I did take a bit of a hit after my first surgery and I ended up going to see a psychiatrist. At first, she wasn’t convinced that I needed to be there but once I started opening up, she helped me get through my jumbled thoughts and feelings. I started keeping a diary of all the instanced where things had become too much and I had disassociated or had dark thoughts and I felt a small wave of relief when I started to put those thoughts down on paper. No one reads it, it will forever remain private, but I know it’s there. It’s my “lockbox” for all those negative feelings.

I think the best thing to do is talk to someone. I went to therapy because I knew a trained stranger would know what questions to ask and how best to probe the answers from me in order to help without doing more damage. That’s not for everyone though, so it’s important to find the right person to talk to.

We go through the stages of grief when we are chronically ill because we mourn the life we had before we were ill.
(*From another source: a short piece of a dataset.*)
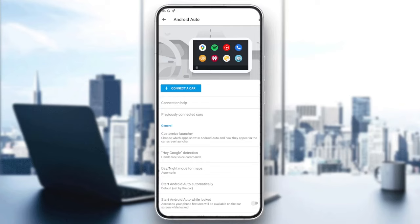Now all we need to do is download Netflix on your phone. All the apps that are compatible with your car will appear on your car dashboard. The idea is that once you download any application on your phone, you will have it available on Android Auto.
It’s also important to let that run it’s course.

Thank you HaveYouHeardOfSarcasm on Tumblr for asking this.

Day 8 on Modulen

It’s been eight days since I started the modulen nutrition drinks and it’s not been easy. I thought I wouldn’t care about not eating sandwiches or pizza and that I wouldn’t mind smelling all these foods that I can’t eat, but I was very much mistaken; the smell of cooking roast dinners or take aways is almost torture sometimes because I want so badly to eat it but I know that if I do, I’ll be back in the hospital again in no time. Because part of my small bowel has narrowed due to inflammation (a stricture), I can’t handle solids moving through my gut at the moment. Other than the modulen, I have been able to handle soup but I don’t want to try anything more substantial without guidance from my dietitian and GI. I’m hoping to see one or the other next week (my biopsy results should be back by then) but I haven’t received an appointment yet so I may have to call them midweek to find out what I’m meant to do once my modulen runs out. I hope I won’t be continued on it (or any other nutrition drinks for that matter) and that they’ll say a free-fluids diet for a few weeks. I know I can handle soup without experiencing any pain or other symptoms so fingers crossed.